A government will let a bank fail at its peril – as the bankruptcy of Lehman’s demonstrated. Governments have to guarantee the (consumer at least) debts of banks. This means that banks are a protected sector, which creates serious moral hazard problems. Federal Reserve Chairman Alan Greenspan is reported to have said ‘I made a mistake in presuming that the self-interests of organisations, specifically banks and others, were such that they were best capable of protecting their own shareholders and their equity in the firms’. He failed to realise that bankers knew that, in a crisis, most banks would survive thanks to government protection and that the real risk was to be the outlier, the first to go.

Any disclosure that could indicate that a bank has a solvency or liquidity problem would guarantee its need for rescue. This is why a going concern qualification made public is extremely unlikely to happen in practice. The approach to going concern used for most companies is therefore not appropriate for a bank.

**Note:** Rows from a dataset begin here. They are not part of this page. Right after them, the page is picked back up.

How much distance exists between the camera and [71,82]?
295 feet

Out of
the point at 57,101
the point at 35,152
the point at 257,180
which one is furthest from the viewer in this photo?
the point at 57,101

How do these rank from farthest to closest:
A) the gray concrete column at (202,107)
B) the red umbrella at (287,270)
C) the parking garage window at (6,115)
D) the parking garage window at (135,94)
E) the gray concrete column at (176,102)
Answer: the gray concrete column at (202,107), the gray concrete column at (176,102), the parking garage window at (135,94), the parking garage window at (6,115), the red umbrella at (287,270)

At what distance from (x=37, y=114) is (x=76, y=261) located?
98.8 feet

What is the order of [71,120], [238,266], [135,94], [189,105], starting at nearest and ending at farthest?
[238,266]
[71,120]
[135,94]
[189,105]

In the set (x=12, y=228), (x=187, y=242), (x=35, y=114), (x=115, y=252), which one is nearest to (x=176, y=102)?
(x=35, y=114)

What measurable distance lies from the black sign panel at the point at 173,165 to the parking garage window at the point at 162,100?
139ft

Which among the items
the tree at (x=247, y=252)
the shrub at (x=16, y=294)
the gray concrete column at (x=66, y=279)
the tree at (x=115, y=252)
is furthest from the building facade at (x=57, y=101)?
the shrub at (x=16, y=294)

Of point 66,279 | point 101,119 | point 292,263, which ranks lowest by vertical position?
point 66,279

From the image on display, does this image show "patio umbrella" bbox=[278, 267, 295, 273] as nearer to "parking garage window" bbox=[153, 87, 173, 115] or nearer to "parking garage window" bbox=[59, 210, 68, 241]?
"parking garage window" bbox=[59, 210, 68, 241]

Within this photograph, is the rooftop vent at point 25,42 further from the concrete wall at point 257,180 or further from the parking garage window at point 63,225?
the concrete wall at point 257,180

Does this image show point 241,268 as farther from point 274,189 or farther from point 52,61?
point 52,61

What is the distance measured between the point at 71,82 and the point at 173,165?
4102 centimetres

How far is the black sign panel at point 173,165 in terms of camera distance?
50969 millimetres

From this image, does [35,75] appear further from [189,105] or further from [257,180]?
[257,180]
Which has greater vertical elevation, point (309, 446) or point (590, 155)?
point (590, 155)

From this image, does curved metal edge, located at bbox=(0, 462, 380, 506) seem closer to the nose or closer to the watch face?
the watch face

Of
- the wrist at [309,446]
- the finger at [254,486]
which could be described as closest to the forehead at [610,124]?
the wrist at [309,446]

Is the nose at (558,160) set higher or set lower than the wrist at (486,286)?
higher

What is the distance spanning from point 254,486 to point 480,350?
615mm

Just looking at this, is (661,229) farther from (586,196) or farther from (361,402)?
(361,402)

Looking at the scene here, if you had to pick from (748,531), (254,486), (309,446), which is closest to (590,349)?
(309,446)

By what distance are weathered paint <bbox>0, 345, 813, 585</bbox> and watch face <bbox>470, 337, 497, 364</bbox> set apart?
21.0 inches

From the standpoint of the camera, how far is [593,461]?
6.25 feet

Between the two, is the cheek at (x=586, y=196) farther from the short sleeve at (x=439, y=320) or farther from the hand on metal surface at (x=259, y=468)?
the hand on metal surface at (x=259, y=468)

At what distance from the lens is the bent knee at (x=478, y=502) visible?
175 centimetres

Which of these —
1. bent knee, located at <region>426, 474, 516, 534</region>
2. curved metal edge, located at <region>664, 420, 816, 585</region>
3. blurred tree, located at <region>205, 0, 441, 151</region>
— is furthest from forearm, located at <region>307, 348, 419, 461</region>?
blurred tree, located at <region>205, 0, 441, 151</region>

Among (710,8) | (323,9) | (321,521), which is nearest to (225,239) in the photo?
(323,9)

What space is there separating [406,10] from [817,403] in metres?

In short, a bank’s business model is different from the models of other companies. This means that a different approach to risk management and going concern accounting is needed. As such, new regulation is required.

Question 6 (page 7 Section 3): Do you agree with the draft revised auditing standards? If not, what should be changed and why?

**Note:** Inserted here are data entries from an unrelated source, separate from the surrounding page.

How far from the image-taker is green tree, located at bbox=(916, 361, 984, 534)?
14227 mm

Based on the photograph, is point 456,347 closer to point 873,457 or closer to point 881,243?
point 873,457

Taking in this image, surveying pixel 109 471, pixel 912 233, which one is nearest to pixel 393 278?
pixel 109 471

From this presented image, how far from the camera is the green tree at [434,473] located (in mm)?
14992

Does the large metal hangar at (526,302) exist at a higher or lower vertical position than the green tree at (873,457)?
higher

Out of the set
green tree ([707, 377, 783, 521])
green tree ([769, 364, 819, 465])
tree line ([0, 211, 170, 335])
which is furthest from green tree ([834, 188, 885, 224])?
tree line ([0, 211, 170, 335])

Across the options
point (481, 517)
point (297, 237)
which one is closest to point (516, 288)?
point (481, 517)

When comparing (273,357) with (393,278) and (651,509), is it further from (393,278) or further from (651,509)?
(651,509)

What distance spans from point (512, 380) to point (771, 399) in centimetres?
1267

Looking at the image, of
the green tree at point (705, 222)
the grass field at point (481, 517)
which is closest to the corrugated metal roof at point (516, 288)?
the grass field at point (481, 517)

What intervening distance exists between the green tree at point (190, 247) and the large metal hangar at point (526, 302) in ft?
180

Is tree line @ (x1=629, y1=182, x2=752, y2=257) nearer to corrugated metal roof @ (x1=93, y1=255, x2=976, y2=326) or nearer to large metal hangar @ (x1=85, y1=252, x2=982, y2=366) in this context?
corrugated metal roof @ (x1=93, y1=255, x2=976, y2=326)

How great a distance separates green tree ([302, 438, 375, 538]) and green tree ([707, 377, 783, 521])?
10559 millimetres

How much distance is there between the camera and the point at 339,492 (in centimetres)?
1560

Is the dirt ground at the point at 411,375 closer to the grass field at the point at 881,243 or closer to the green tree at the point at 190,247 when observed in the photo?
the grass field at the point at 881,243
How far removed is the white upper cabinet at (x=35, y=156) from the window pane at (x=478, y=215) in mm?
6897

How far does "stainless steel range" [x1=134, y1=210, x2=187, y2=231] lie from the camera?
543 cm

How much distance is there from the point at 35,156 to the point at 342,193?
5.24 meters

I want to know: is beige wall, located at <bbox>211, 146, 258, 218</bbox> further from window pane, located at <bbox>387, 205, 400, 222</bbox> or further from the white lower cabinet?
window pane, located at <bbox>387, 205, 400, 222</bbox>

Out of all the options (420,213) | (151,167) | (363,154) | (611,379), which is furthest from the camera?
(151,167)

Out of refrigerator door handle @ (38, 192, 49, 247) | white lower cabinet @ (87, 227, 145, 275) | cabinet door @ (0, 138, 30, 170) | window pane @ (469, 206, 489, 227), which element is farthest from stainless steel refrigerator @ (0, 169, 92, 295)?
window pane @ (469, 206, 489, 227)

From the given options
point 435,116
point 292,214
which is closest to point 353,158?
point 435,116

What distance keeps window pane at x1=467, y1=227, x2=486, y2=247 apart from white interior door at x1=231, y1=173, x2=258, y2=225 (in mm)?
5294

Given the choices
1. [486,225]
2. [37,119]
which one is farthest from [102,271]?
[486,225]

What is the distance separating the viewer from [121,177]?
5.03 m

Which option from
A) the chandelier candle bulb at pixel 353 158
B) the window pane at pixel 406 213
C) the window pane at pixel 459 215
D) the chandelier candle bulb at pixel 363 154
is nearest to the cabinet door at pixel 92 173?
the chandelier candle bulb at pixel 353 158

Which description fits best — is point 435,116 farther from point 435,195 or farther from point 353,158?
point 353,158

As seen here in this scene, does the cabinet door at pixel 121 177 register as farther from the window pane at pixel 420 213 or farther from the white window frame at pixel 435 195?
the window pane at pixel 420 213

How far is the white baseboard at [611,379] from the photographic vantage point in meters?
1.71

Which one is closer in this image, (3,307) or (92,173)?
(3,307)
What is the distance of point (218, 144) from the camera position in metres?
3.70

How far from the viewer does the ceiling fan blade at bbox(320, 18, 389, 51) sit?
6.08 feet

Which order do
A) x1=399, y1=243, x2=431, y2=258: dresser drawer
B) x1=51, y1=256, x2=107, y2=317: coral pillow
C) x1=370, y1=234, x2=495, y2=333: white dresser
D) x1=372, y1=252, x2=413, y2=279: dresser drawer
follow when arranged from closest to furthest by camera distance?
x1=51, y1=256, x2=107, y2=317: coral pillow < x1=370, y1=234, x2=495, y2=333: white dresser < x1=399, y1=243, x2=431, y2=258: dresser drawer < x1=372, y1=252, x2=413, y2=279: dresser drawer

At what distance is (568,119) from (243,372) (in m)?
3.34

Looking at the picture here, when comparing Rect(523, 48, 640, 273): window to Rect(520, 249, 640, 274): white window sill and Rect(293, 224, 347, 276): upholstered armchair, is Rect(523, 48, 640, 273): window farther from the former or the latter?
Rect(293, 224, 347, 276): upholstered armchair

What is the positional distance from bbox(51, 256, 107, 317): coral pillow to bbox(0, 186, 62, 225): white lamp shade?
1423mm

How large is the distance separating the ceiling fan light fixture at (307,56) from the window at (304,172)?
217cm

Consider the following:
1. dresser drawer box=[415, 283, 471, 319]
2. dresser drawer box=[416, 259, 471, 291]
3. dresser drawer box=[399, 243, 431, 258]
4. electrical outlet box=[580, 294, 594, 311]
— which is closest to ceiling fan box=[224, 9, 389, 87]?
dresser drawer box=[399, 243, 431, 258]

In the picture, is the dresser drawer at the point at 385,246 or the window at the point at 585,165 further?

In response to the earlier consultation, we commented that the proposed amendments to auditing standards adequately implemented the role of the auditor as envisaged in the Consultation Paper. Because we considered that the guidance needed revision, however, we did not comment in more detail on the proposed amendments, as they would have to reflect any revisions made. We note the changes to the proposed amendments and agree with them, in particular the clarification that the requirement to report, where the auditor has anything to add to the directors’ statement and disclosures about risk, is only relevant where that addition is material.